* GOAL OF THE EXERCISE
Retype the listing below line for line, but only from the line with "Klant afbeelding: FinnTherm Barrelsauna Max" down to the line with "StatTrak™ Dual Berettas", inclusive. Pictures stay out.

* DATASET CONTENT

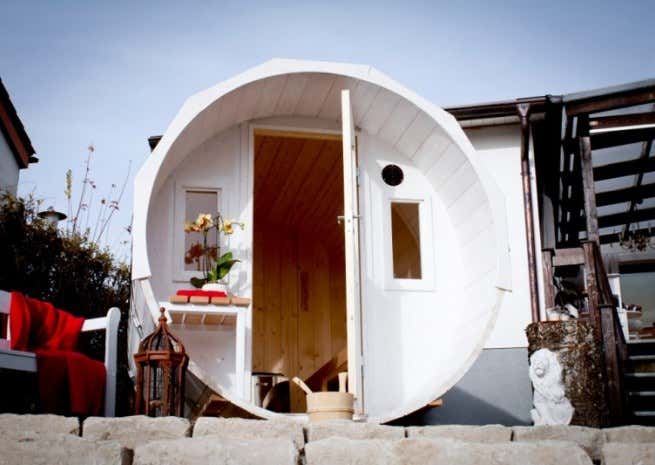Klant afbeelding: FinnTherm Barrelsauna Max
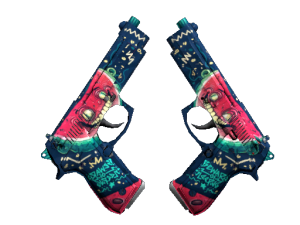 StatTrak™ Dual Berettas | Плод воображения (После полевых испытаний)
--
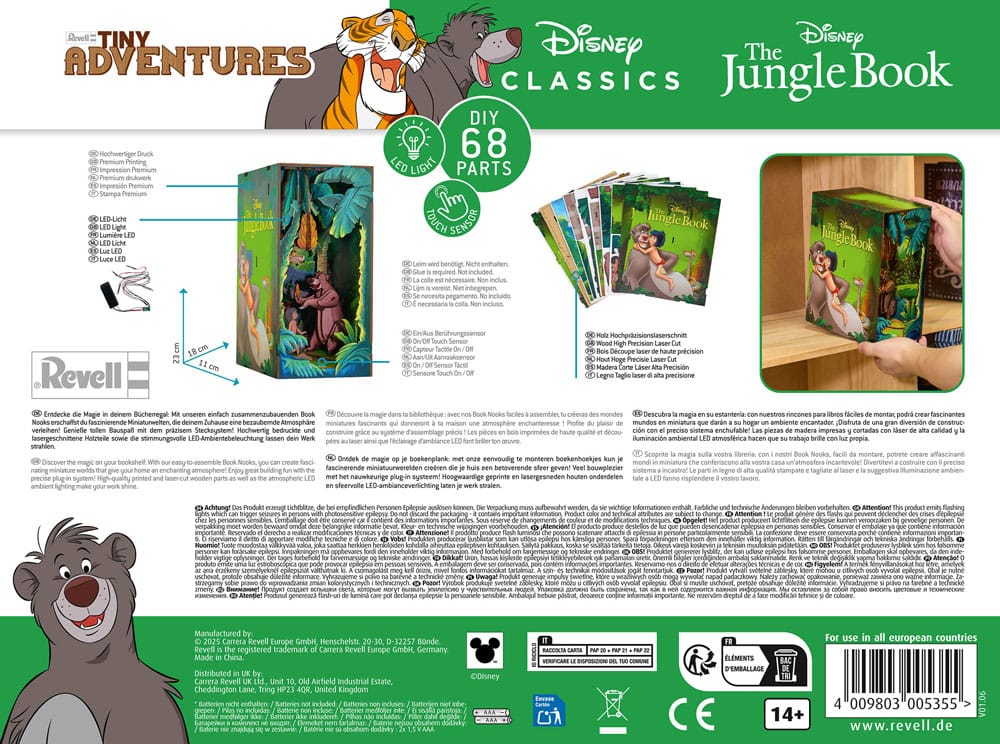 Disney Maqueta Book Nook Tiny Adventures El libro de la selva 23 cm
==
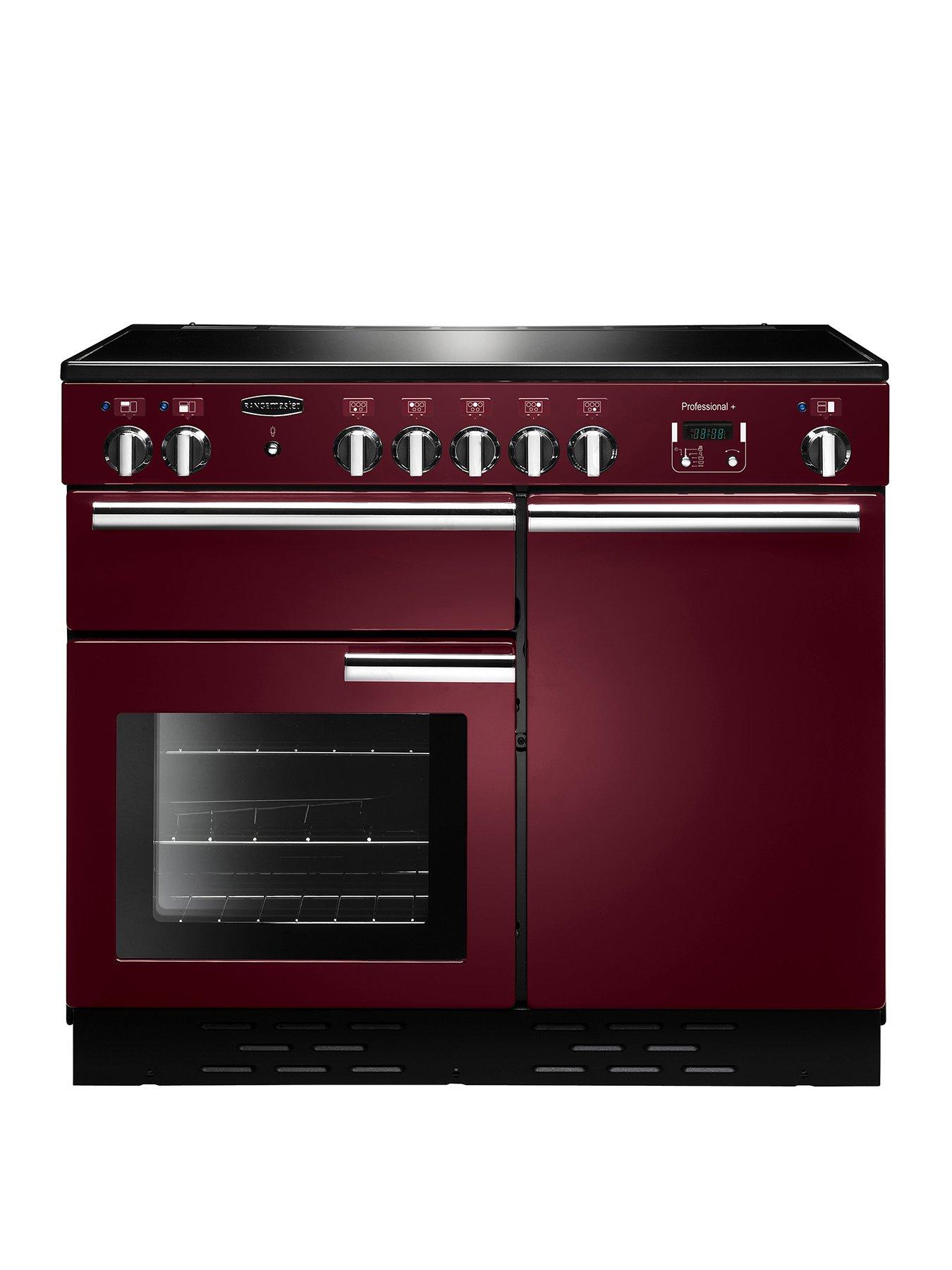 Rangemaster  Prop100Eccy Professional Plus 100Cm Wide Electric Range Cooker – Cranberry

* REPLY TO THE EXERCISE
Klant afbeelding: FinnTherm Barrelsauna Max
 StatTrak™ Dual Berettas | Плод воображения (После полевых испытаний)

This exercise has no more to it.